Upon completion, the advocate must then pass the General Council’s National Bar Examination. However, some advocates, such as corporate legal advisors or state advocates, do not belong to a bar.

Mkhwebane's CV lists an LLB degree from the then University of the North (now the University of Limpopo) and that she worked as state prosecutor between 1994 and 1996.

Mkhwebane’s admission took place on 24 June 1997


Kana Sekgota from the chief directorate for policy development at the justice department explained to Africa Check how the roll of advocates is maintained.

“Advocates are registered by registrars of the high courts.
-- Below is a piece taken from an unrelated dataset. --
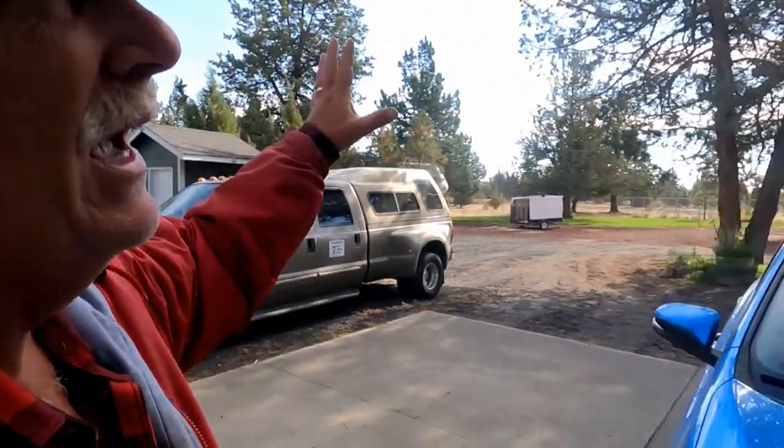Good morning everyone, this is Ranger Rob and welcome to the Ranger Rob Country Living channel and homestead. It's not a sparkling day here in Central Oregon — it's a blur day. We do have blue skies but I feel wind and see a little bit of clouds, and I know why: our weather is going to finally change to fall starting tomorrow.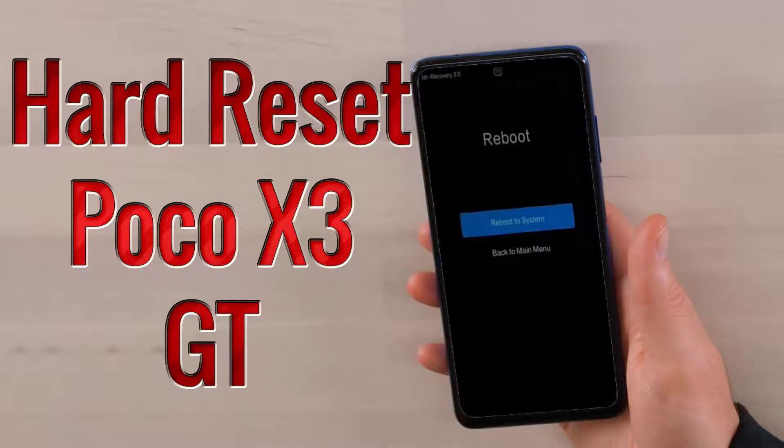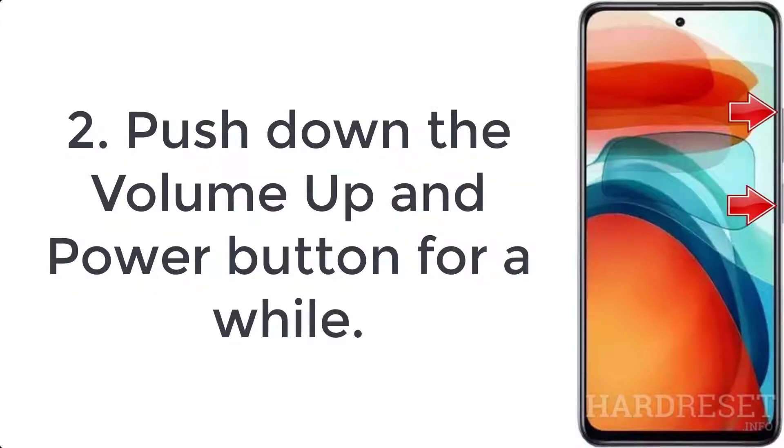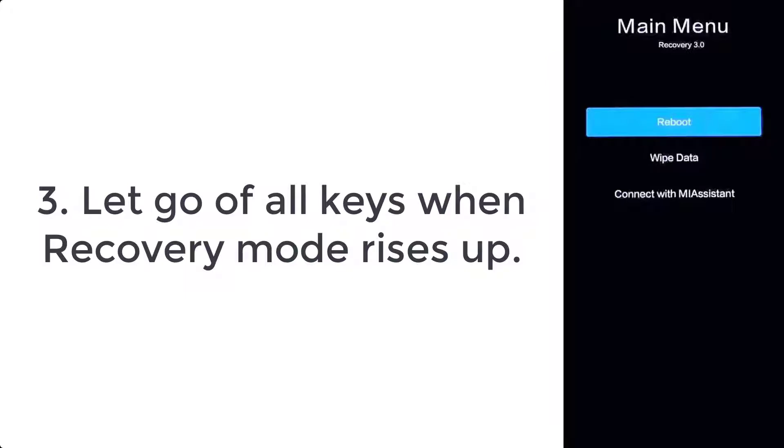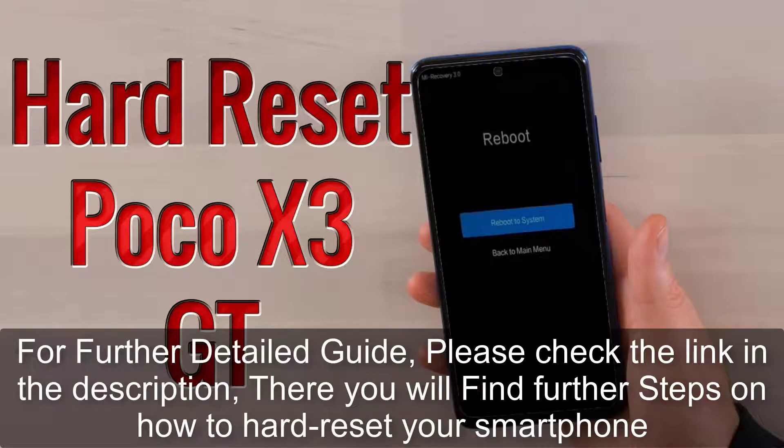How to hard reset Poco X3 GT. Step 1: switch off the phone by holding the power key. Step 2: push down the volume up and power button for a while. Step 3: let go of all keys when recovery mode rises up.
After registering them, a copy of court order is sent to us [the department of justice] to locate them on the roll of advocates,” Sekgota said. He added that some advocates may not appear on the roll when their order of admission hadn’t been sent to the department.

As Mkhwebane’s name isn’t on the roll, Africa Check went to the North Gauteng high court to search for her order of admission. We went through the cases that were set down or heard in 1997 and found the case number, 9180/97. According to the court records, Mkhwebane’s admission took place on 24 June 1997.

Unfortunately, the 1997 court order cannot be traced electronically and we had to request for it to be located(Update: After nearly eight weeks of following up we received the court order from the high court. It can be found here.)
 

New oversight body for legal practitioners coming


In September 2014, President Jacob Zuma signed into law the Legal Practice Act which “aligns the admission requirements for legal practitioners”, Barbara Whittle, communication manager at the Law Society of South Africa, told Africa Check.

The current admission process is regulated by two statutes: the Attorneys Act of 1979 and the Admission of Advocates Act of 1964. But once the Legal Practice Act is fully enacted, all attorneys and advocates will be registered with the Legal Practice Council.

At the moment, only chapter 10 of the Legal Practice Act is in force. The chapter established a transitional body, the National Forum on the Legal Profession, that “is putting in place the infrastructure for the Legal Practice Council”, Whittle said. She added that the council is expected to be in place by August 2018.